Have you ever felt like Jeremiah as he pours out his complaint with God in these first 20 verses? Then meditate on verses 22-27. Why is faithfulness so precious?
How can Jeremiah (the author of Lamentations) have both of these truths in his mind and not break?
The God has greviously wounded Jeremiah (and the people), AND that the Lord is good to those who wait for Him?
Jeremiah gets to the crux in v31, “For the Lord will not cast off forever, but, though he cause grief, he will have compassion according to the abundance of his steadfast love;”
He continues this thought (which is important for us to wrestle with, how we pray, how we progress in prayer) – and comes to the conclusion, “Why should a living man complain, a man, about the punishment of his sins?”
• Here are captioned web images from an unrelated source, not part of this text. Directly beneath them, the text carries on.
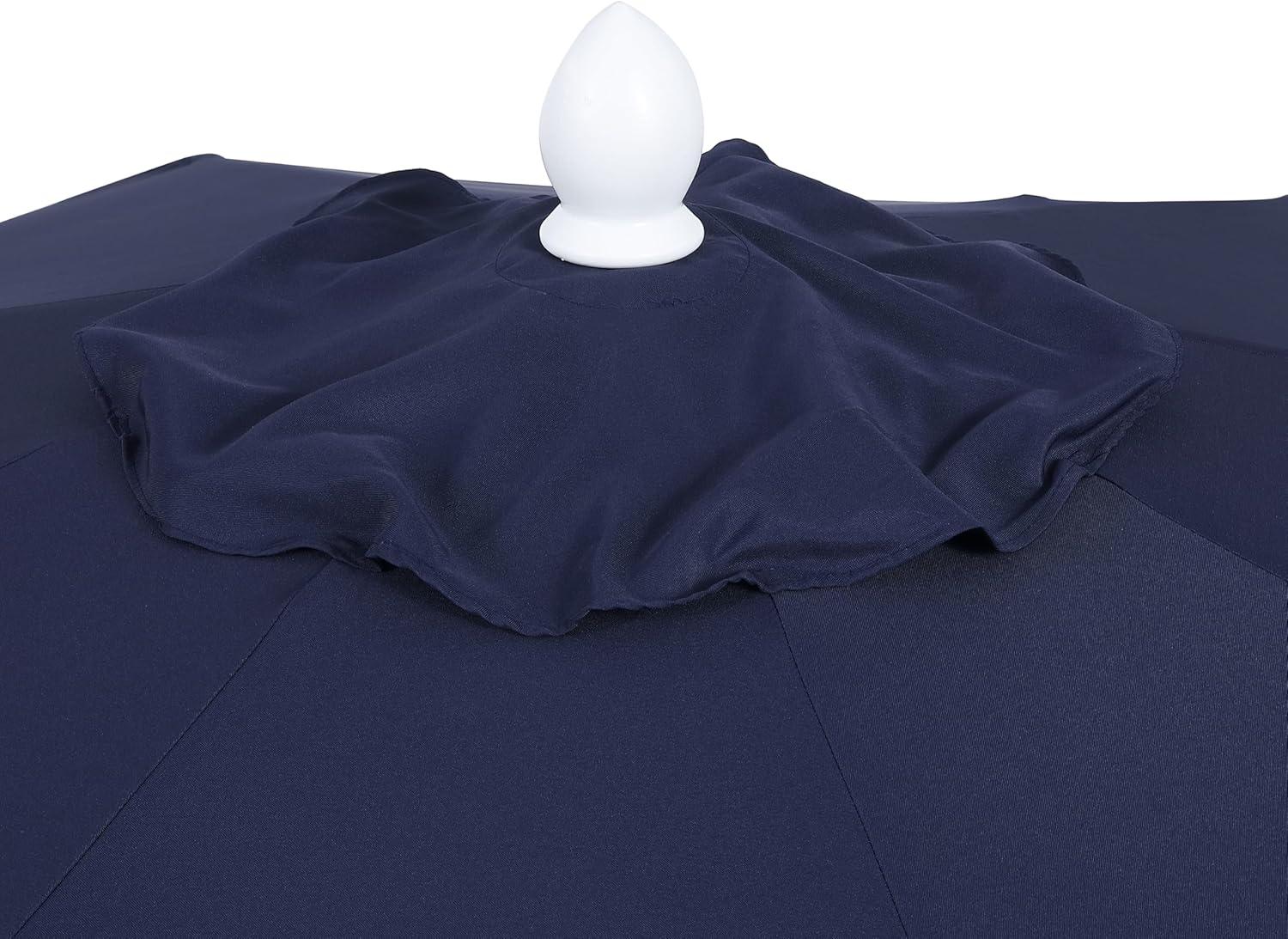 imageJONATHAN Y UMB1002F Tracy 9 ft Classic MidCentury Scalloped Fringe Market Patio Umbrella with AutoTilt Crank Wind Vent and UV Protection in Coral RedWhite White PoleNavy White Pole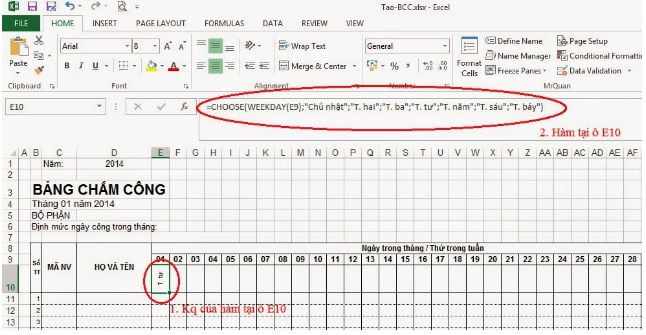Hướng dẫn cách làm bảng chấm công bằng Excel mới nhất 12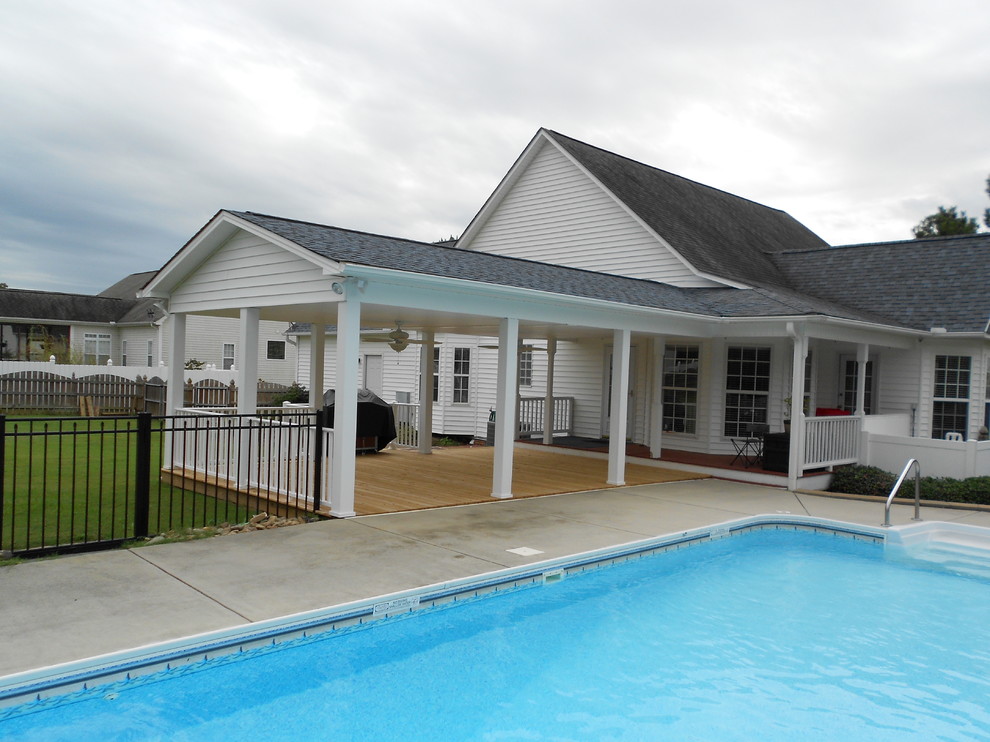 Covered Patio Traditional Deck Raleigh by Kingsford Siding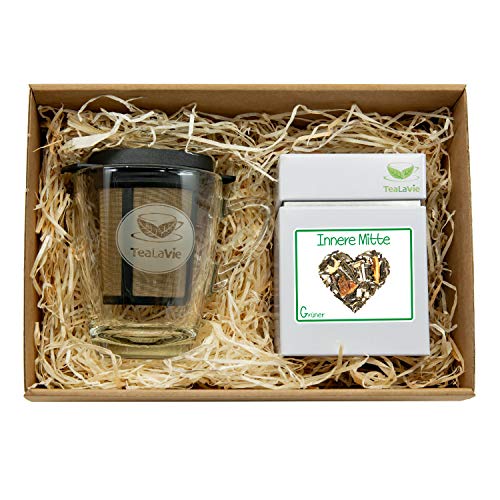 TEALAVIE – Tee Geschenk Set - TeaForOne Innere Mitte | Stilvolles Teeglas mit Dauerfilter und exklusiver Teedose – 100g Grüntee – Ingwer Zitrone – Tea-For-One-Set mit Sieb von TeaLaVie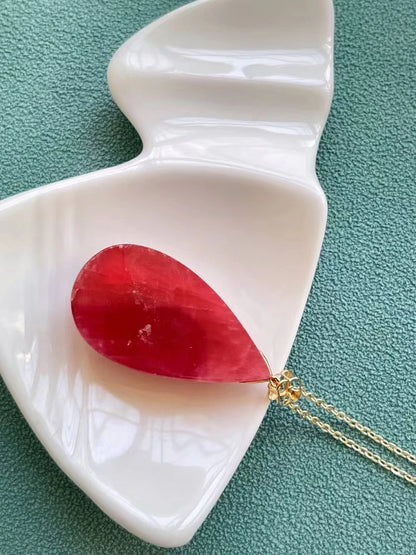 Natural Red Rhodonite Pendant Necklace Jewelry Gemstone 32*18mm Women Men Water Drop 18K Gold Rose Rhodonite Fashion AAAAAA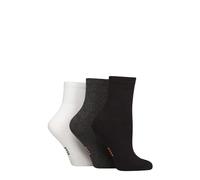 ELLE Women's Half Cushion Socks - Soft Breathable Bamboo Material for Sports, Anklet, Plain with Stripes, 4-8, Pack of 3 Black/Grey/White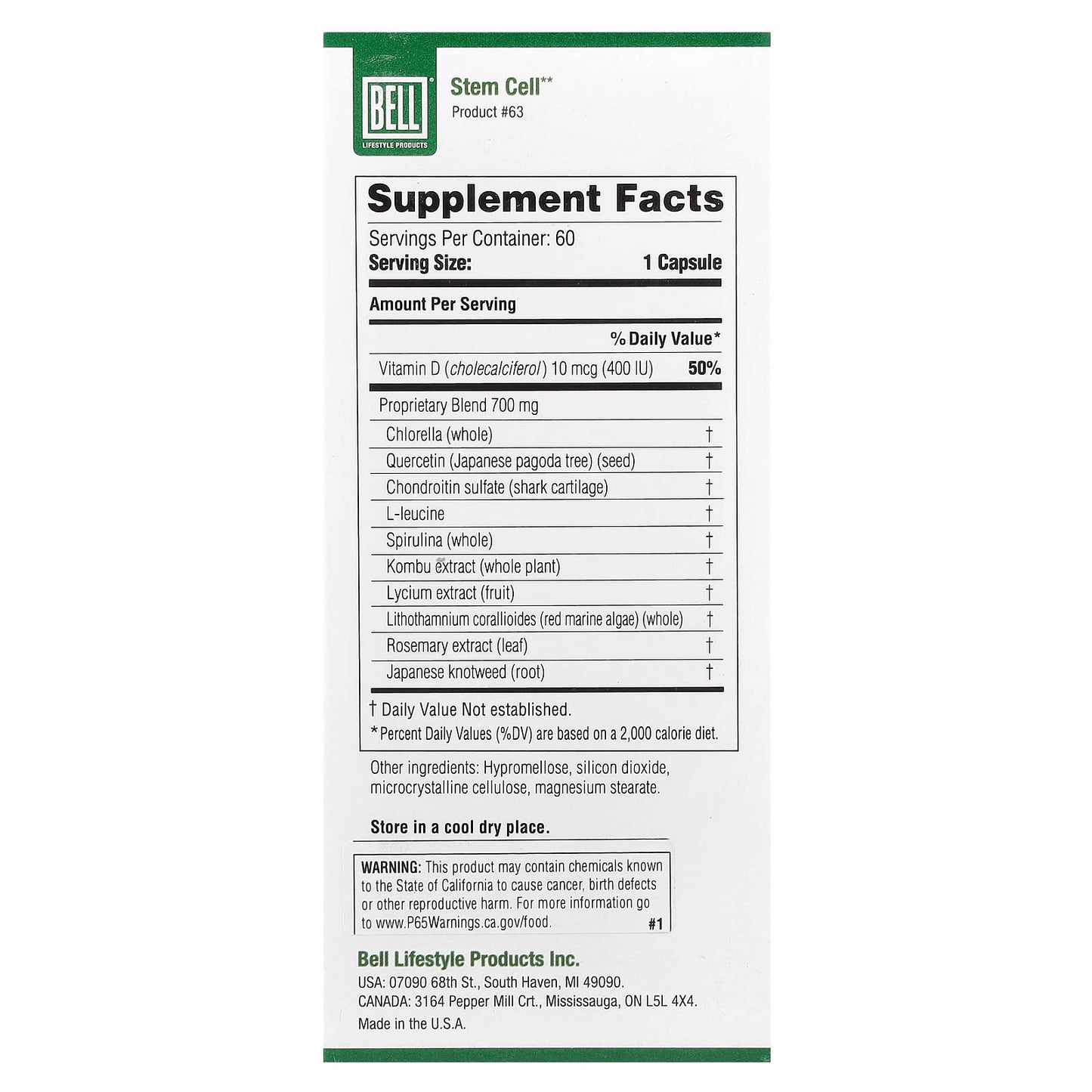 Bell Lifestyle Stem Cell Support Supplement, 60 Veggie Capsules - Image 2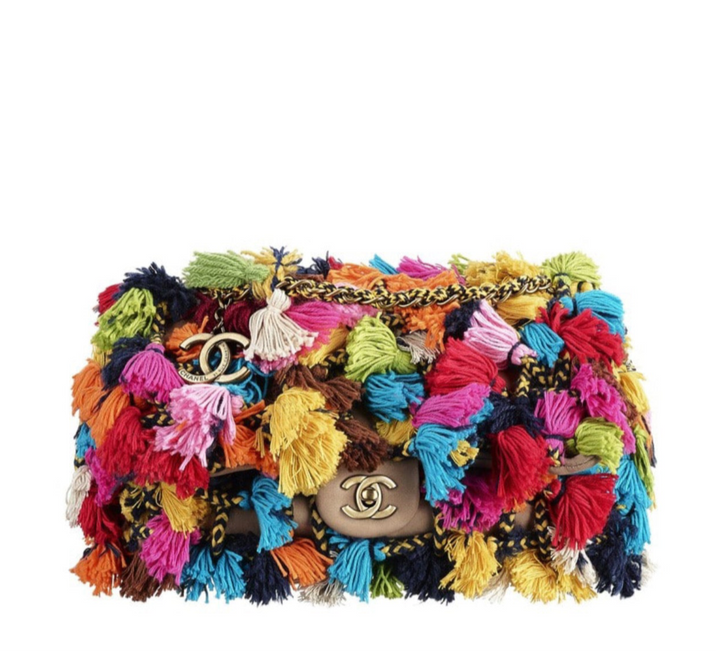 Chanel Resort 2015 Pom Pom Jumbo Flap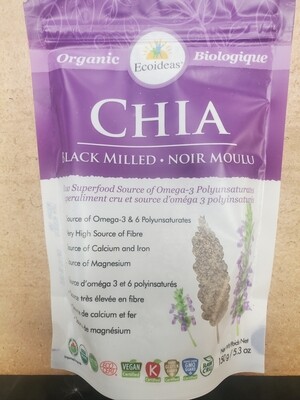 Ecoideas Organic Black Milled Chia Seeds - 150g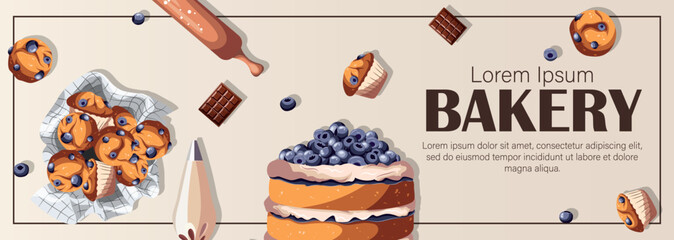 Pastry, baking products, cake, muffins, utensils, copy-space on light. Bakeries, shops, confectionery, cooking, dessert concept. Vector illustration for poster,banner,flyer,menu,advertising. 
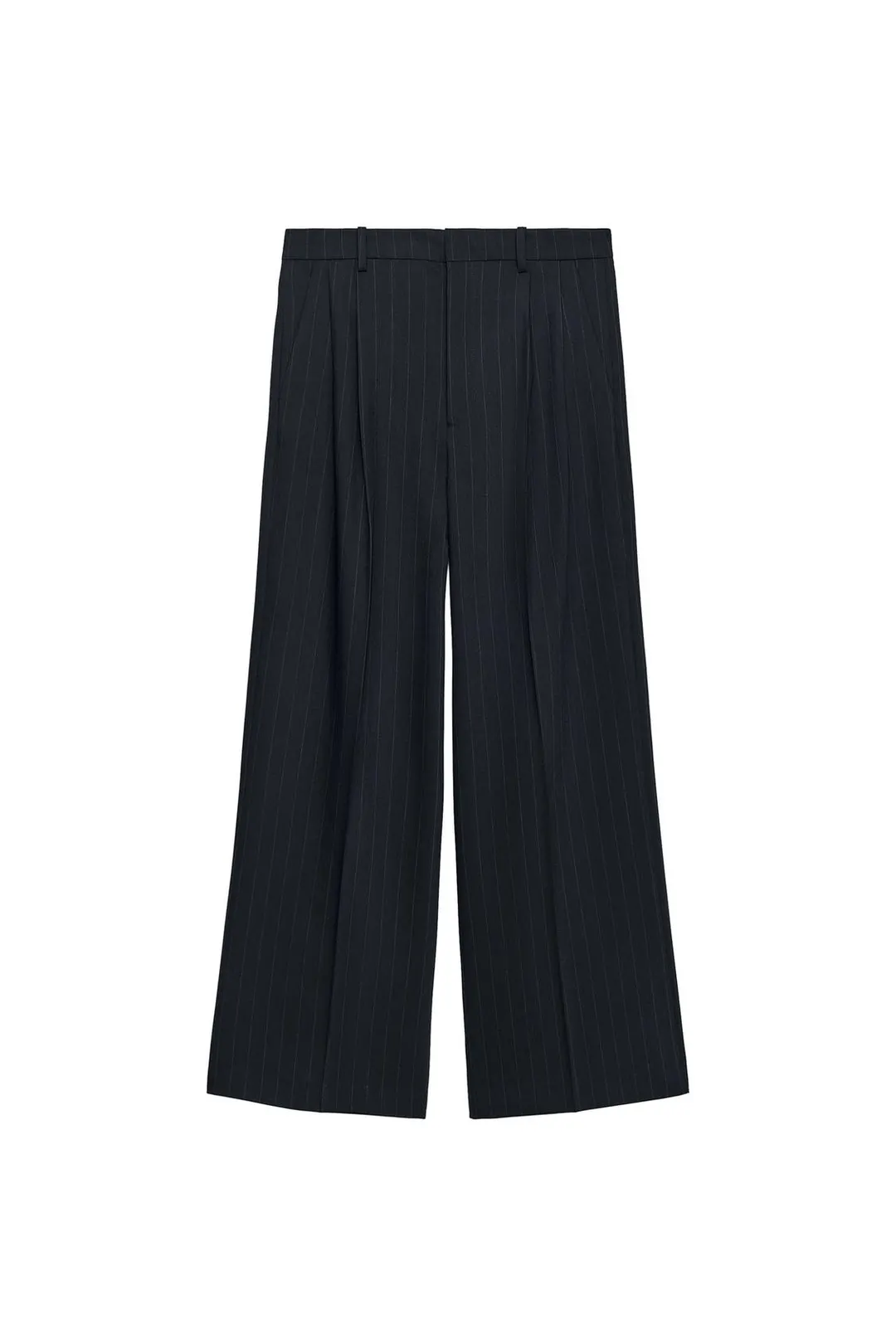 Брюки с высокой посадкой в полоску и складками ZW Collection, Zara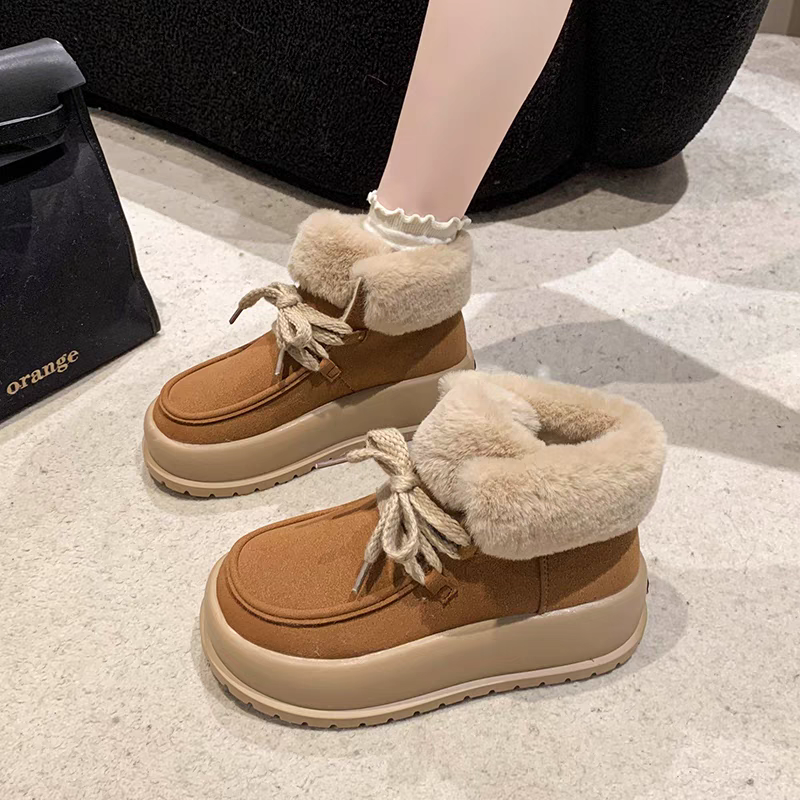 雪地靴女加绒加厚底蝴蝶结短筒靴
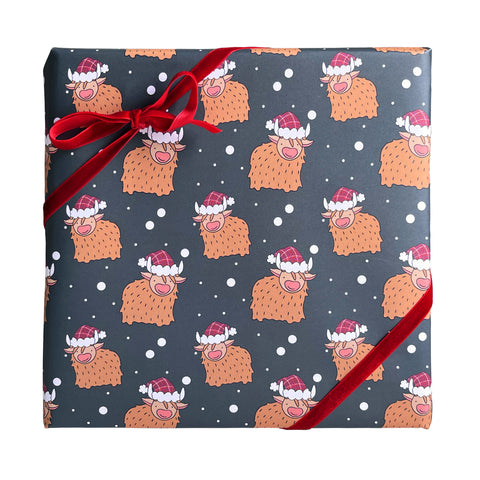 Tartan Highland Cow Christmas Wrapping Paper and Gift Tags
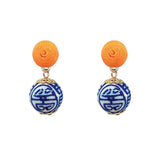 Thread Earrings - China Blue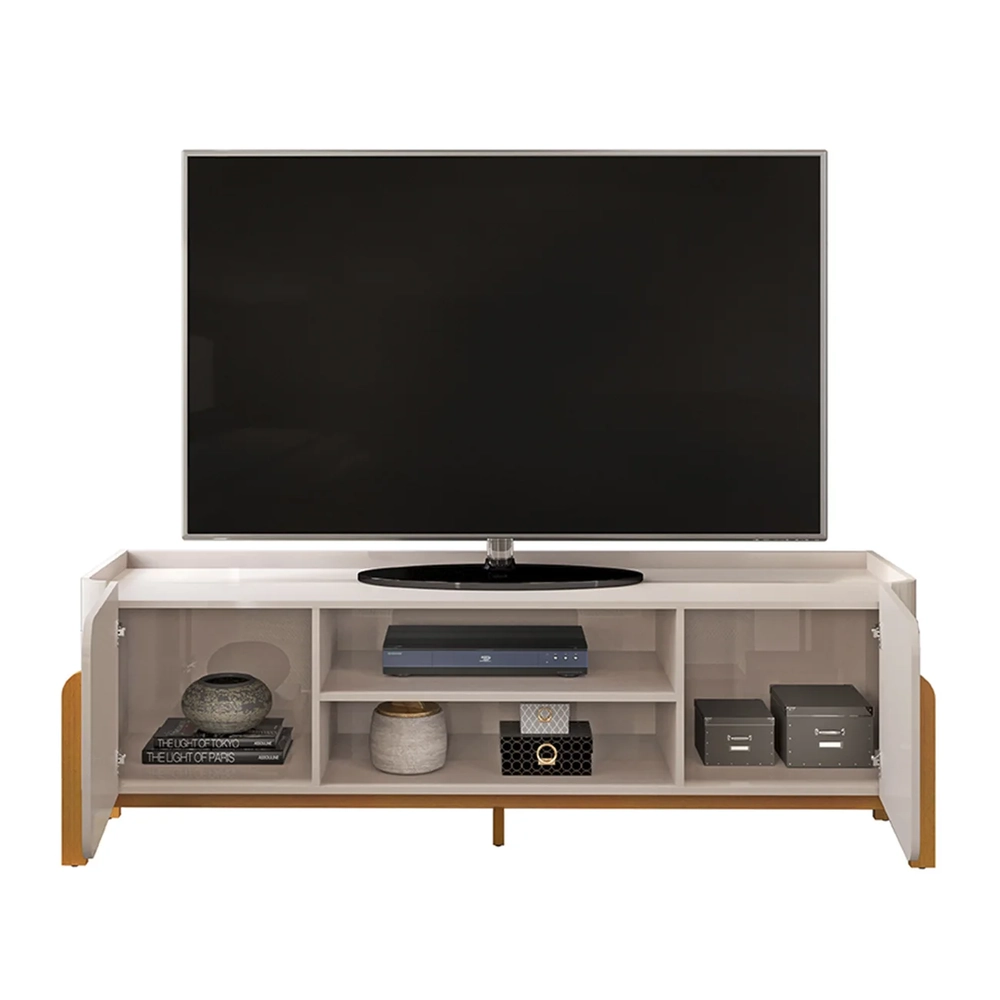Rack Bancada de TV 65 Pol 180cm Chest D04 Off White/Cedro - Mpozenato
Jeremiah was a real person who dealt with the real world, broken and desperate, and his own sin (walking in humility and meekness under the Lord’s will).
His struggles will mirror ours, and we should take note and heart in his prayers here, how they point us to the Lord, and to Jesus.
Because Jeremiah ends this passage pointing to the great truth – The Lord has taken up our cause, and He is the JUST Lord, He will bring punishment.
Which reminds us of our own punishment – That we deserved it as much as any enemy of God. And yet He sent Jesus, His Son, to be our redemption, our rescue, our restorative healing balm.
Hallelujah, what a Saviour!
* Great God,
Thank You that You have taken up our cause. That You see the evil in the world around us today. That You will call to account.
Thank You Lord that You have saved us, that we no longer fear death or the punishment of hellfire.
Instead we walk free in Jesus, and look forward to any weight and shame and brokenness that still inhabits us being completely removed on that final day when King Jesus returns.